You may notice that if you attempt to reverse the changes to the administrator or guest account names by clearing the Define this policy setting check box in the Rename guest account or Rename administrator account dialog boxes, you are unable to log on to the domain by using the default user account names. To resolve this issue, use group policy to restore the default account names, and then clear the Define this policy setting check box. To do so:
  1. Start the Active Directory Users and Computers snap-in.
  2. In the console tree, right-click your domain or the organizational unit that contains the group policy that you want, and then click Properties.
  3. Click the Group Policy tab, select the group policy object that you want, and then click Edit.
  4. Expand Computer Configuration, expand Windows Settings, expand Security Settings, expand Local Policies, and then click Security Options.
  5. In the right pane of the Group Policy snap-in, double-click Rename administrator account.
  6. Click to select the Define this policy setting check box, and then type Administrator.
  7. Click OK.
  8. Double-click Rename guest account.
  9. Click to select the Define this policy setting check box, and then type Guest.
  10. Click OK, and then quit the Group Policy snap-in.
  11. Click OK, and then quit the Active Directory Users and Computers snap-in.
  12. Click Start, click Run, type cmd in the Open box, and then click OK.
  13. At the command prompt, type the following, and then press ENTER:
    secedit /refreshpolicy machine_policy
    NOTE: There is an underscore character (_) between machine and policy in the preceeding command.
  14. Type exit, and then press ENTER to quit the command prompt.
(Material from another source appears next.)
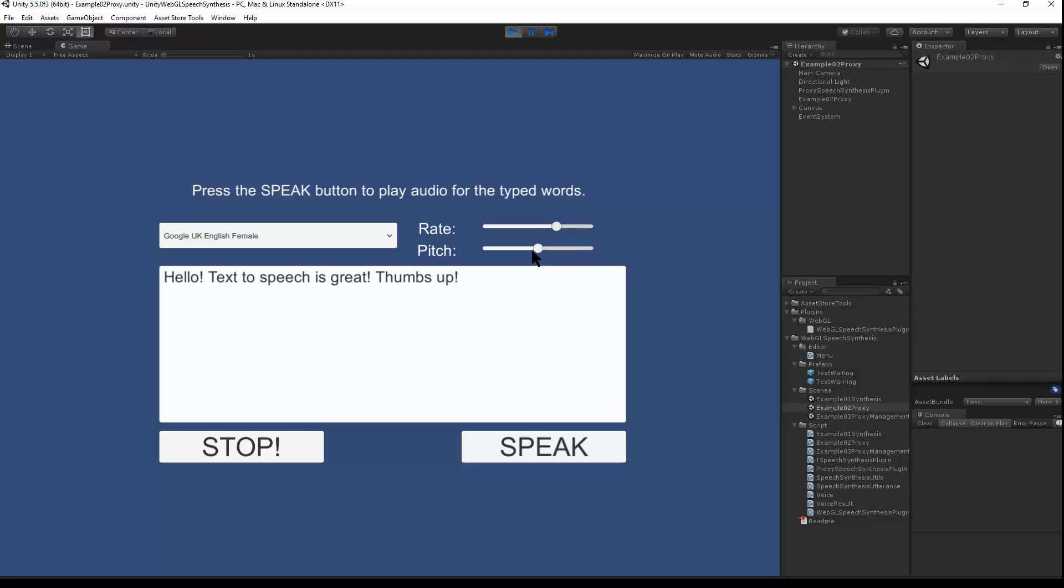You can also adjust the pitch. Hello, text-to-speech is great. Thumbs up.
  15. Start the Active Directory Users and Computers snap-in.
  16. In the console tree, right-click your domain or the organizational unit that contains the group policy that you want, and then click Properties.
  17. Click the Group Policy tab, select the group policy object that you want, and then click Edit.
  18. Expand Computer Configuration, expand Windows Settings, expand Security Settings, expand Local Policies, and then click Security Options.
  19. In the right pane of the Group Policy snap-in, double-click Rename administrator account.
  20. Click to clear the Define this policy setting check box, and then click OK.
  21. Double-click Rename guest account.
  22. Click to clear the Define this policy setting check box, click OK, and then quit the Group Policy snap-in.
  23. Click OK, and then quit the Active Directory Users and Computers snap-in.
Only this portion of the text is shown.